China and the Association of Southeast Asian Nations have agreed on a framework of a legally binding code of conduct in the South China Sea following years of negotiations, a senior Chinese diplomat said Thursday.

"We have worked diligently and completed the consultations" on the framework, Chinese Vice Foreign Minister Liu Zhenmin told a press conference after he co-hosted a meeting of senior officials from both sides in the country's southwestern city of Guiyang.

Liu praised it is a "reflection of the positive momentum in the South China Sea and the reflection of the sincere desire by China and ASEAN member states in maintaining peace and stability in this region."

The diplomat said the framework includes preambles of objectives and principles. China and the 10-member ASEAN were trying to reach a deal on an outline of the code in the disputed sea in the first half of 2017.

China claims almost the entire South China Sea. Its rapid building of artificial islands with military facilities in some areas has stoked concerns not only among other smaller claimants, including the Philippines and Vietnam, but also other countries such as Japan and the United States, which Beijing calls "outsiders."

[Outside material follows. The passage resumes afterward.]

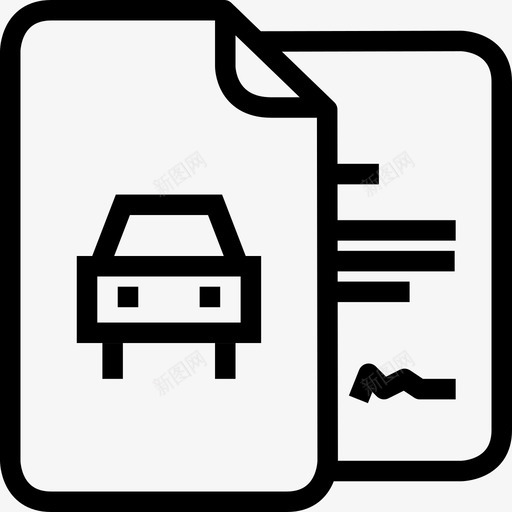 汽车租赁信用证单据图标svg_新图网 https://ixintu.com 信用证 单据 废品单据提纲 汽车租赁 租赁 纸张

In 2002, China and ASEAN signed the Declaration on the Conduct of Parties in the South China Sea, a looser set of guidelines for their behavior in the area.

They had since been working to upgrade it, but with almost no progress in ironing out differences even over the basics.

For years, ASEAN officials said, China was not cooperative enough, but its Foreign Minister Wang Yi suddenly unveiled to reporters last year the goal of formulating the outline by the end of June.

The goal was announced not so long after the release in mid-July last year of an international tribunal's ruling that rejected China's claims to almost the whole South China Sea.